In [1]:
# create entry points to spark
try:
    sc.stop()
except:
    pass
from pyspark import SparkContext, SparkConf
from pyspark.sql import SparkSession
sc=SparkContext()
spark = SparkSession(sparkContext=sc)

Aggregate functions

Two aggregate functions:

  • aggregate()
  • aggregateByKey()

aggregate(zeroValue, seqOp, combOp)

  • zeroValue is like a data container.
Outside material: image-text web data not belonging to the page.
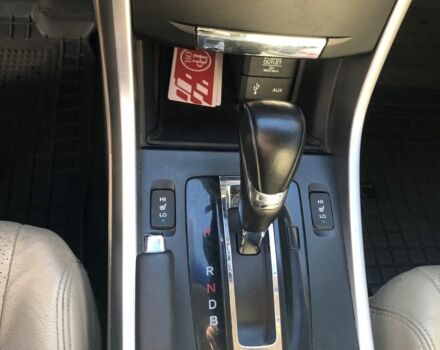 Бежевый Хонда Аккорд, объемом двигателя 2 л и пробегом 214 тыс. км за 14300 $, фото 4 на Automoto.ua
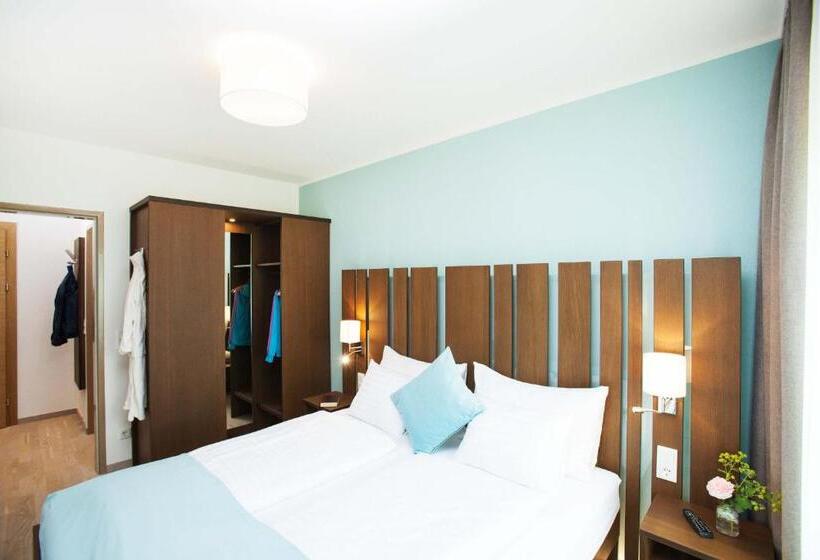 침실 1개 전망 아파트, Apartmenthotel  S Mitterndorf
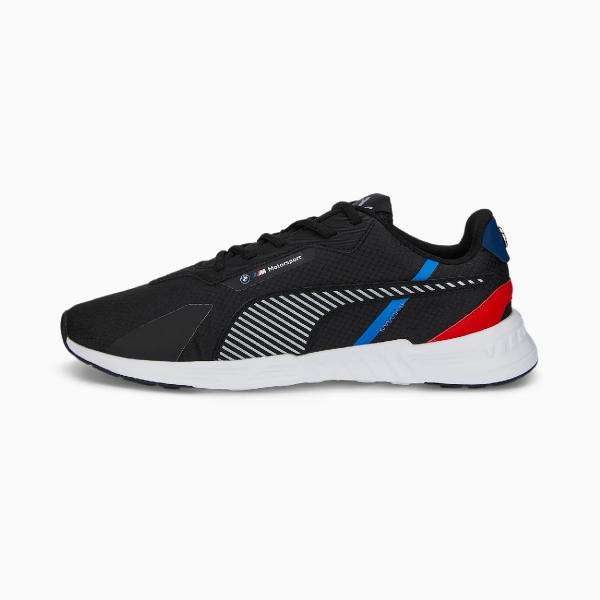 PUMA BMW MMS Tiburion Puma Black-Puma Silver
Its structure should match with the data structure of the returned values from the seqOp function.
  • seqOp is a function that takes two arguments: the first argument is the zeroValue and the second argument is an element from the RDD. The zeroValue gets updated with the returned value after every run.
  • combOp is a function that takes two arguments: the first argument is the final zeroValue from one partition and the other is another final zeroValue from another partition.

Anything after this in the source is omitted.